Step 4 – Reward thyself

I love saying thyself. That was my reward for working today. Well, sort of. I had cookies too. Anyway, rewards are a great way to boost morale and to reinforce a behavior. Just be careful not to do too many rewards too often or you’ll run the risk of cheapening them. Also, working too much before a reward can be problematic too. That’s just a balance you’ll have to navigate for yourself.

Step 5 – Disappointment and that crafting trend (Self care?)

This one’s a bit odd, but bear with me. Just be prepared for cookie eating comatose couch sloth days. This is a stressful situation. You don’t have to craft everyday (unless maybe it’s your livelihood. Then I guess keep crafting? But remember why you love your job?). I simply mean that just because Suzi over there has a whole brigade of bunnies she knitted, that doesn’t mean you have to compete with an army of crocheted squirrels or something. You’re allowed to feel bummed. You’re allowed to take it easy. You don’t have to go competing with people or start a craft war or even take up a new craft. If you’re going to do something to pass the time and to keep yourself from going stir crazy, then do it because you feel like doing it, not because Suzi guilt tripped you into it with those beady eyed bunnies.

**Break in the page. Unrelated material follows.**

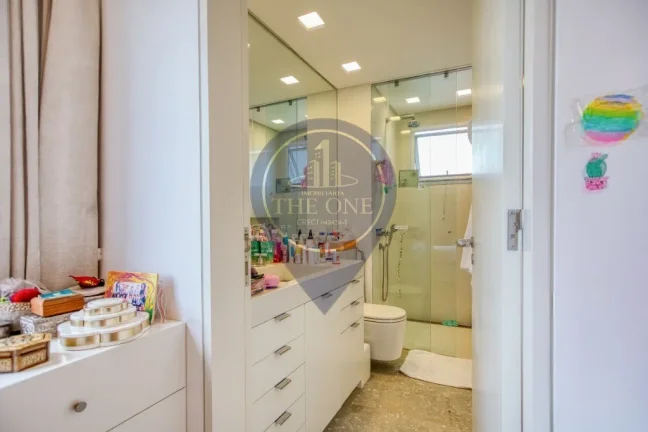 Imagem Apartamento de Luxo em Pinheiros: 3 Quartos, 3 Suítes, 3 Salas, 5 Banheiros, 4 Vagas de Garagem - 352m² - São Paulo-SP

Step 6 – You’re not Suzi or maybe you are

That’s right. Just because Suzi looks like she has it all figured out with those super cutesy bunnies of hers, that doesn’t mean you have to compete with that. Find your own path. Find your own happiness, your own boundaries. The same goes for these steps. They may not work for you. Maybe you are like Suzi and your way of destressing is to make adorable button-eyed bunnies that make others jealous and feel like they should be doing more with their lives. I can’t believe I’m siding with a Suzi, but that’s alright too.

Now, I’ll leave you with my new catchphrase, which I am very proud of and may be writing everywhere:

May your adventures be many and your inspiration be endless!